■ DATA TO USE:
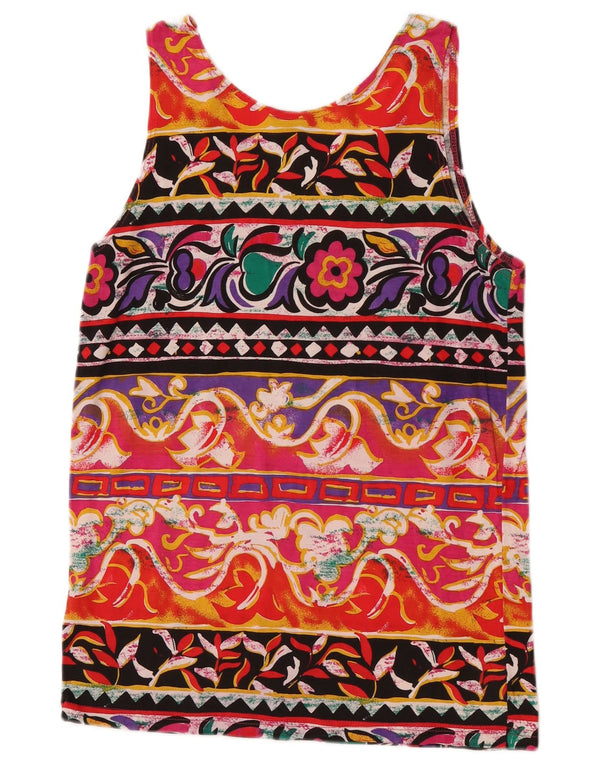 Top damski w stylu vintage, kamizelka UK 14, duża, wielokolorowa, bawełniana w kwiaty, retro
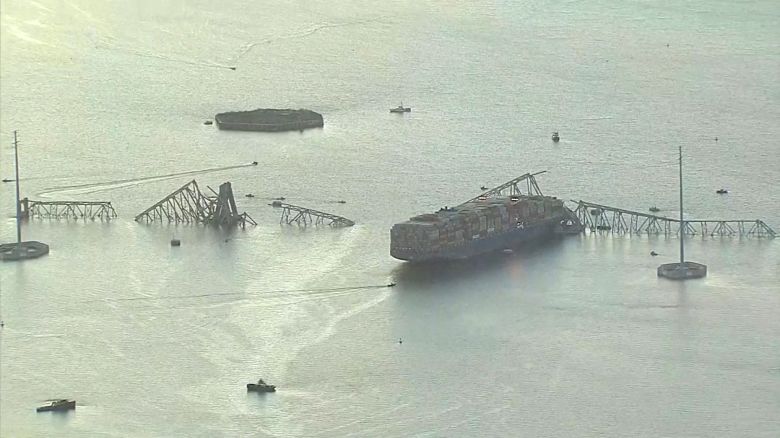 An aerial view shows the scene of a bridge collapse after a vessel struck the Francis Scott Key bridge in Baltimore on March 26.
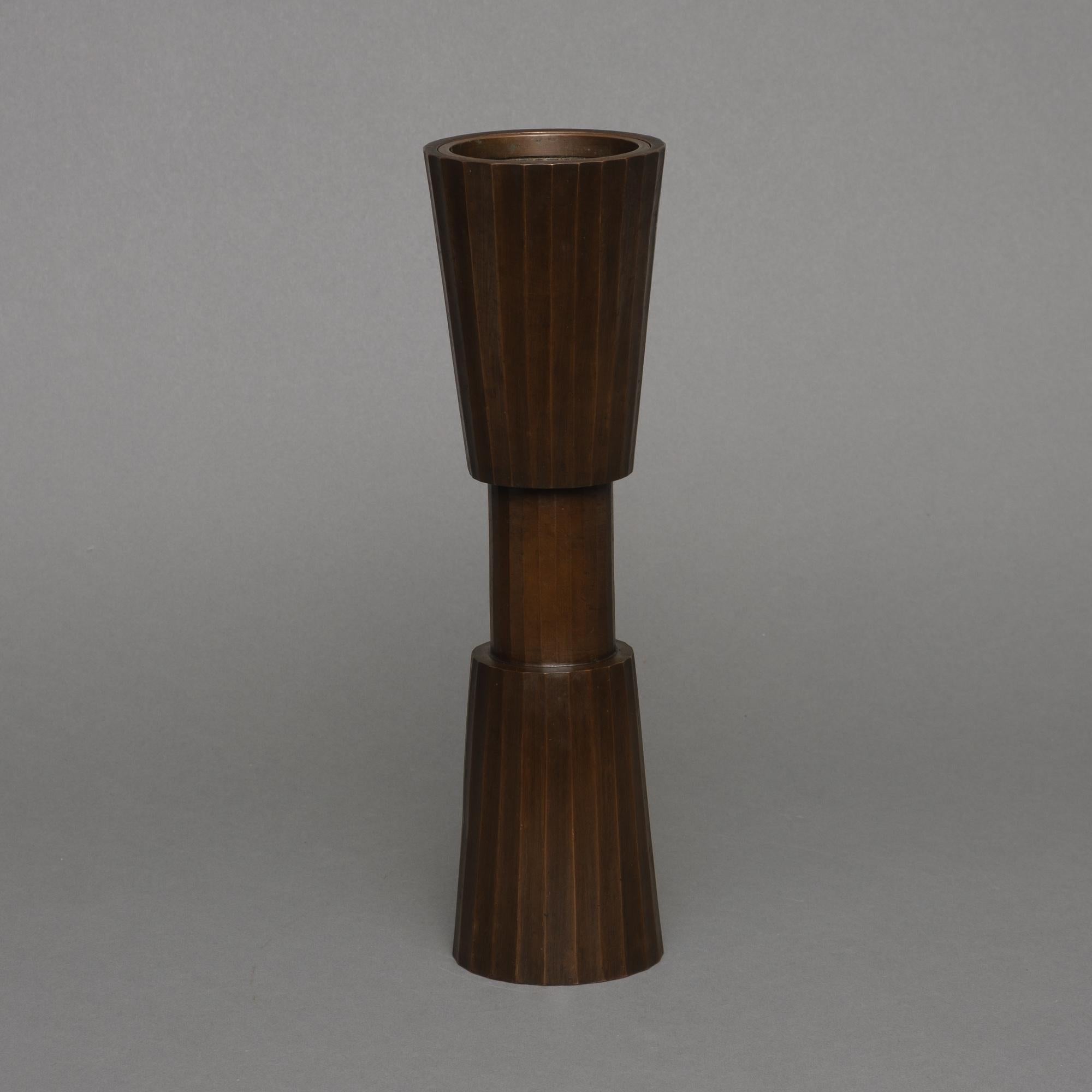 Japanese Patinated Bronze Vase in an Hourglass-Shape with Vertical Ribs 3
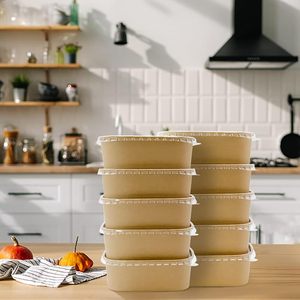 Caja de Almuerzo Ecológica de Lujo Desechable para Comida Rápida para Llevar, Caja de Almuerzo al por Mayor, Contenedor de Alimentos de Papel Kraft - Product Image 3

==

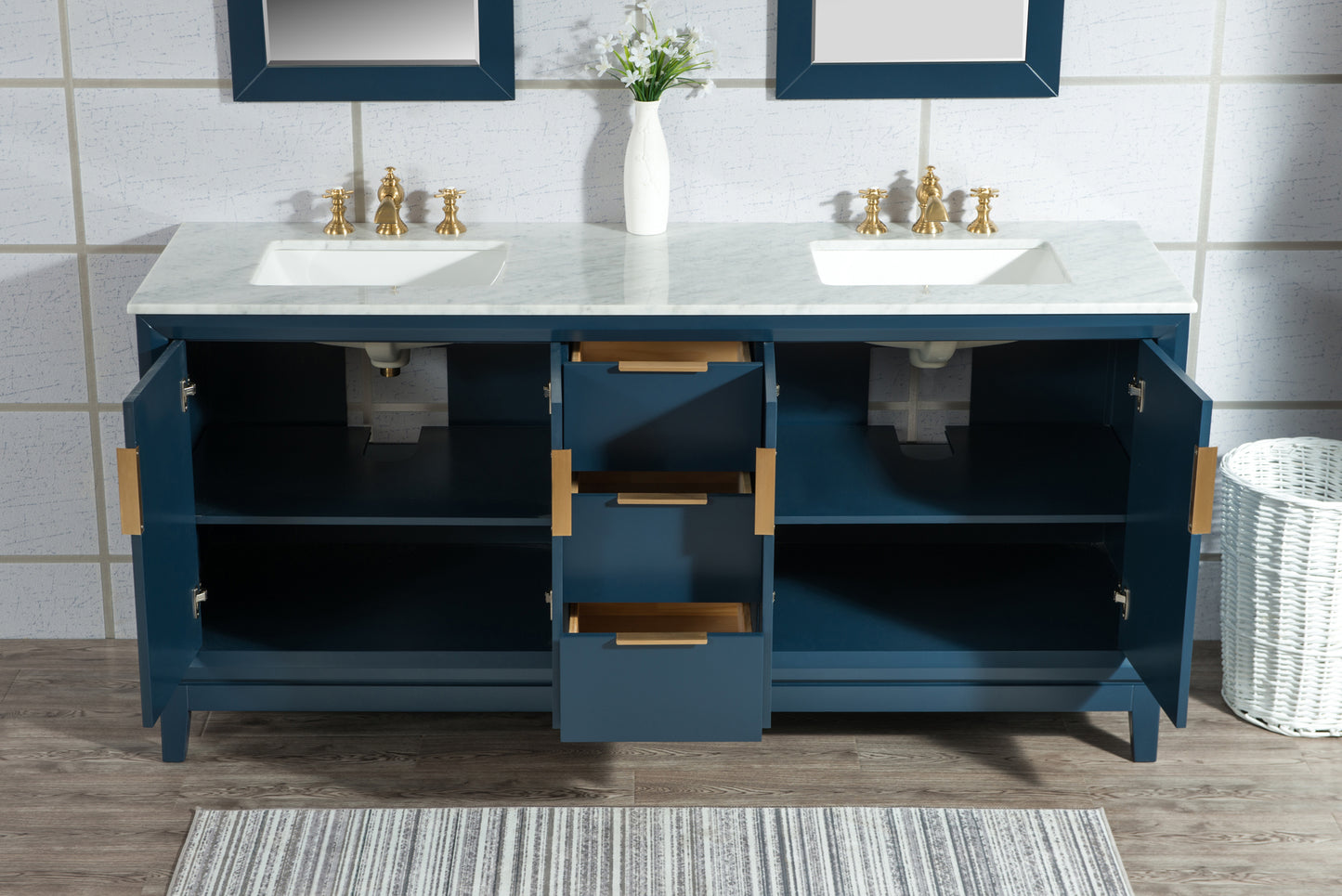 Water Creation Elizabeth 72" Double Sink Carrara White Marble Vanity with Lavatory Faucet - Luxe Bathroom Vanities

■ WHAT TO DO:
Set down again, word for word, every line from the one with "Japanese Patinated Bronze" to the one with "Caja de Almuerzo Ecológica" in the entries above, and omit the pictures.

■ WRITTEN ANSWER:
 Japanese Patinated Bronze Vase in an Hourglass-Shape with Vertical Ribs 3
 Caja de Almuerzo Ecológica de Lujo Desechable para Comida Rápida para Llevar, Caja de Almuerzo al por Mayor, Contenedor de Alimentos de Papel Kraft - Product Image 3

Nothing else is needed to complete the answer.